Such electrostatic accelerators of the Van de Graaf type are already known 
and have been used for accelerating ions in various nuclear physics 
research projects. Electrostatic accelerators also have other 
applications, particularly in the field of free electron lasers. 
Electrostatic accelerators have numerous advantages in the latter field. 
They supply pulses, whose durations are very long compared with those of 
the pulses supplied by pulse-type or high frequency accelerators. The 
spectral width of the line emitted by a free electron laser associated 
with an electrostatic accelerator is very small. The quality of the 
electron beam accelerated by an electrostatic accelerator is excellent and 
well adapted to the requirements of free electron lasers. Such an 
accelerator makes it possible to recover with high efficiency the energy 
of the electron beam, following the passage of said beam through the 
cavity of said free electron laser associated with said accelerator. Due 
to the possibility of recovering the energy of the electron beam, the 
overall efficiency of the free electron laser is very high. 

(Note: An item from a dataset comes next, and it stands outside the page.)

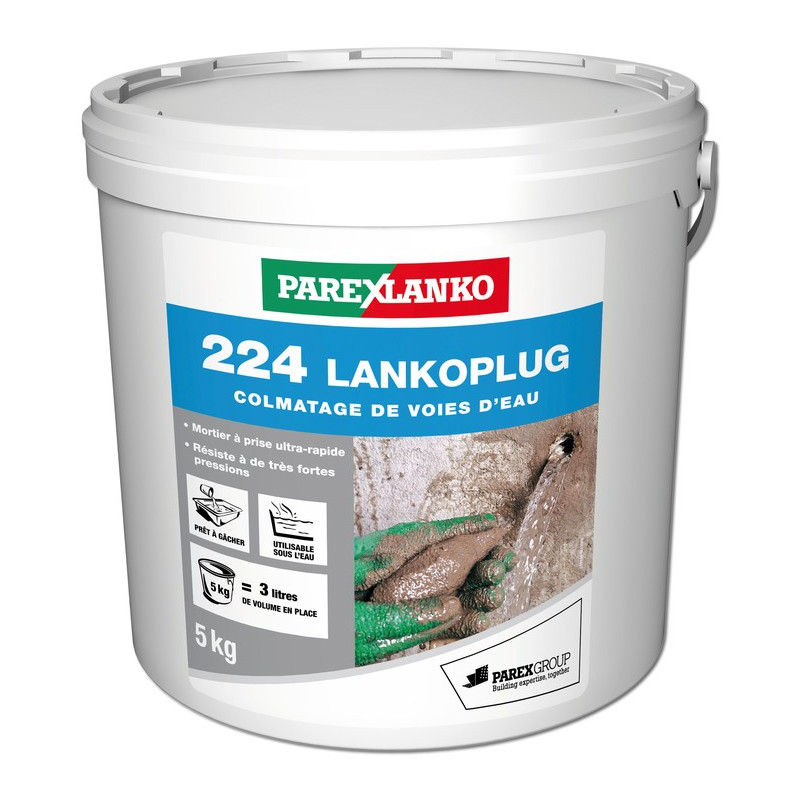 224 Lanko Plug - Mortier de colmatage de voies d'eau - Parexlanko 224 Lanko Plug - Mortier de colmatage de voies d'eau - Parexlanko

However, a Van de Graaf-type electrostatic accelerator still suffers from a 
disadvantage. The electric charge transport means incorporated in such an 
accelerator are in the form of a belt or some other mechanical transport 
device, such as e.g. a Pelletron or Laddertron. Therefore, in such an 
accelerator, the value of the charging current (current corresponding to 
said electric charges) is low. 
SUMMARY OF THE INVENTION 
The object of the present invention is to obviate this disadvantage and 
improve the performance characteristics of a Van de Graaf-type 
electrostatic accelerator by increasing its charging current to well 
beyond the threshold permitted by the known transport means such as e.g. 
belts or Pelletrons. 
To do this, the present invention uses a beam of electric charges (such as 
electrons or negative ions or positive ions) in place of a mechanical 
charge transport means. 
Specifically, the electrostatic accelerator according to the invention 
comprising an accelerating column, a high voltage terminal located at one 
end of said accelerating column and means for the transport of the 
electric charges is characterized in that the transport means incorporate 
a high frequency accelerator able to supply a beam of electric charges in 
order to form the charging current of the electrostatic accelerator. 
According to a preferred embodiment of the invention, the high frequency 
accelerator is a high frequency electron accelerator able to supply an 
electron beam and the electric charge transport means also incorporate 
means for supplying the electron beam to the high voltage terminal in 
which said electrons accumulate, said electric charges being constituted 
by the electrons supplied by said high frequency accelerator. 
By using such electric charge transport means, the present invention makes 
it possible to multiply by at least ten the threshold of the charging 
current permitted by known electrostatic accelerators. 
An electrostatic accelerator according to the invention is able to produce 
an accelerated electron beam (main beam), whose current is very high, e.g. 
approximately 1 to 20 A, by recycling said electron beam and storing 
charges in the capacitance of the high voltage terminal of said 
accelerator. 
When using same with a free electron laser, recycling the main electron 
beam is provided a very high efficiency exceeding 90%, following the 
passage of said beam into the laser, allowing the latter to operate with a 
high intensity main electron beam (1 to 20 A), whilst maintaining the 
charging current at a very low value of approximately 0.5 to a few mA in 
an exemplified manner. 
As it is possible to compensate part of the losses of the main electron 
beam by a low voltage electric generator placed in the high voltage 
terminal of the electrostatic accelerator, it is sufficient for the 
charging current of the latter to compensate the electrons lost in the 
magnetic wiggler of the free electron laser and in the structures in which 
the main electron beam is propagated. Therefore the ratio of the intensity 
of the charging current to the intensity of the main electron beam 
supplied by the electrostatic accelerator can have a very low value of 
approximately 2.times.10.sup.-4 to 3.times.10.sup.-4. 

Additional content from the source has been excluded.